What to work on |
Beginning with the line of the entries below that holds "Victorine | Veste" and ending with the line that holds "AC Leggs Venison Salami Seasoning", transcribe each line exactly as written. Pictures stay out.

[Material for this task]

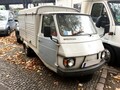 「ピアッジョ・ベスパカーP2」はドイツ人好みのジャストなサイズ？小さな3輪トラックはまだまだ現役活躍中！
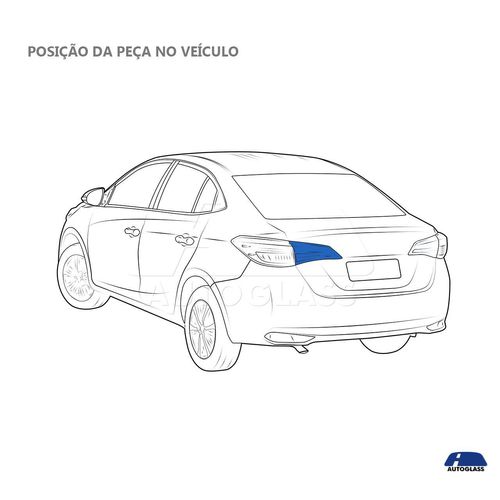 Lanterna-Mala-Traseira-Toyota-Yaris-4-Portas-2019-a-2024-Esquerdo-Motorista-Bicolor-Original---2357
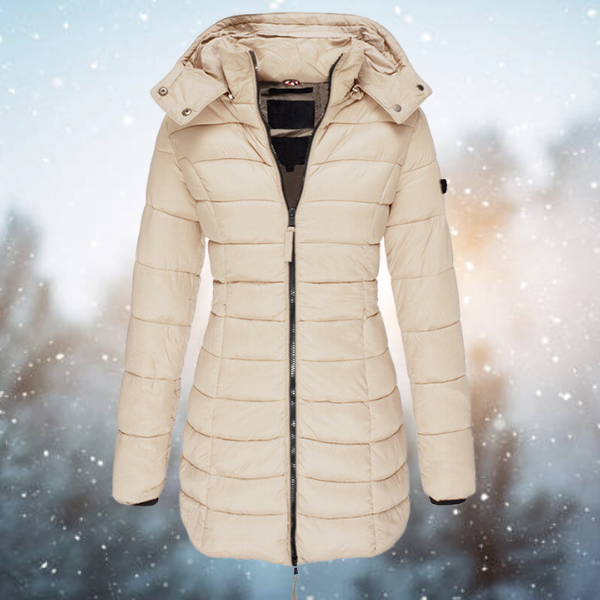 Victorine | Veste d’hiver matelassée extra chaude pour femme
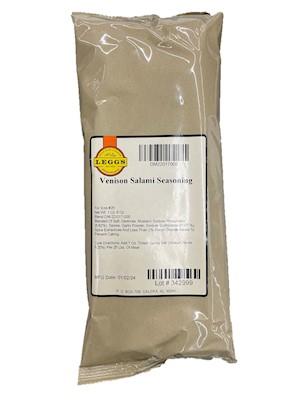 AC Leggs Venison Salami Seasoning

[/Material for this task]
[Material for this task]

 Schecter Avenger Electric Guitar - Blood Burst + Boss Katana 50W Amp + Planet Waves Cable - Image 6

[/Material for this task]

Exercise output |
 Victorine | Veste d’hiver matelassée extra chaude pour femme
 AC Leggs Venison Salami Seasoning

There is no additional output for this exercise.